§ **Exercise material**
※

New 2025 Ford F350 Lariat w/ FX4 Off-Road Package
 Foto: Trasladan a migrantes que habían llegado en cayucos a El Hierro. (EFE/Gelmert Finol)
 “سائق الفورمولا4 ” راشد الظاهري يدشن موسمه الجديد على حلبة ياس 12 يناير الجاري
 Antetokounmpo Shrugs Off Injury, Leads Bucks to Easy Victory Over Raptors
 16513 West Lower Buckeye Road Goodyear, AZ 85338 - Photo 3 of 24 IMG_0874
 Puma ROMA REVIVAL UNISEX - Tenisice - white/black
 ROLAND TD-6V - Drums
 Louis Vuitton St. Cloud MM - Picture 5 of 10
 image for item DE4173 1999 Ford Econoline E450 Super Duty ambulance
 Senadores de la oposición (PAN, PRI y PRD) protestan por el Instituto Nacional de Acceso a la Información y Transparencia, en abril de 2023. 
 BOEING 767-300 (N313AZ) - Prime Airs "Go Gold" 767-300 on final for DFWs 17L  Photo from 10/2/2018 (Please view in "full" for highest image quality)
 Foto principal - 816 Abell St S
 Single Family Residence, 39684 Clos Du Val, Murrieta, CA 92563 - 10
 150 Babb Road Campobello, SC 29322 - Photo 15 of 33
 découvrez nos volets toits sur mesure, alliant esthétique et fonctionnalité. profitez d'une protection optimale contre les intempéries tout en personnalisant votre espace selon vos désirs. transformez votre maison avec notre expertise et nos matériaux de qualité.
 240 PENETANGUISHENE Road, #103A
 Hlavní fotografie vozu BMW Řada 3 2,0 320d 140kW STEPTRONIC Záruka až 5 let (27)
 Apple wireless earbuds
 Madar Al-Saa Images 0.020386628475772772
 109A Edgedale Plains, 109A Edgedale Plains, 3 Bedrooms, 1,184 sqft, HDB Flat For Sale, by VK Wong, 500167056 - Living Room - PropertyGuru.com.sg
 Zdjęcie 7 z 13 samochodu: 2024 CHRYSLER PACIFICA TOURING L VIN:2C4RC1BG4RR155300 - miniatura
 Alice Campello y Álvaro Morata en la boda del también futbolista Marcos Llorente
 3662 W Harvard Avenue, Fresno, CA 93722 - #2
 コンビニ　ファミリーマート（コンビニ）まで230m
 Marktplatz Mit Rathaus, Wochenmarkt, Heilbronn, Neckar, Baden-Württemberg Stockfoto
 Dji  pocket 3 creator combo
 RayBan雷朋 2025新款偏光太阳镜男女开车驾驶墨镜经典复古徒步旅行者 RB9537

※

§ **Goal of the exercise**
Every line above that has the string "Photo" needs to be copied.

§ **Your response**
 16513 West Lower Buckeye Road Goodyear, AZ 85338 - Photo 3 of 24 IMG_0874
 BOEING 767-300 (N313AZ) - Prime Airs "Go Gold" 767-300 on final for DFWs 17L  Photo from 10/2/2018 (Please view in "full" for highest image quality)
 150 Babb Road Campobello, SC 29322 - Photo 15 of 33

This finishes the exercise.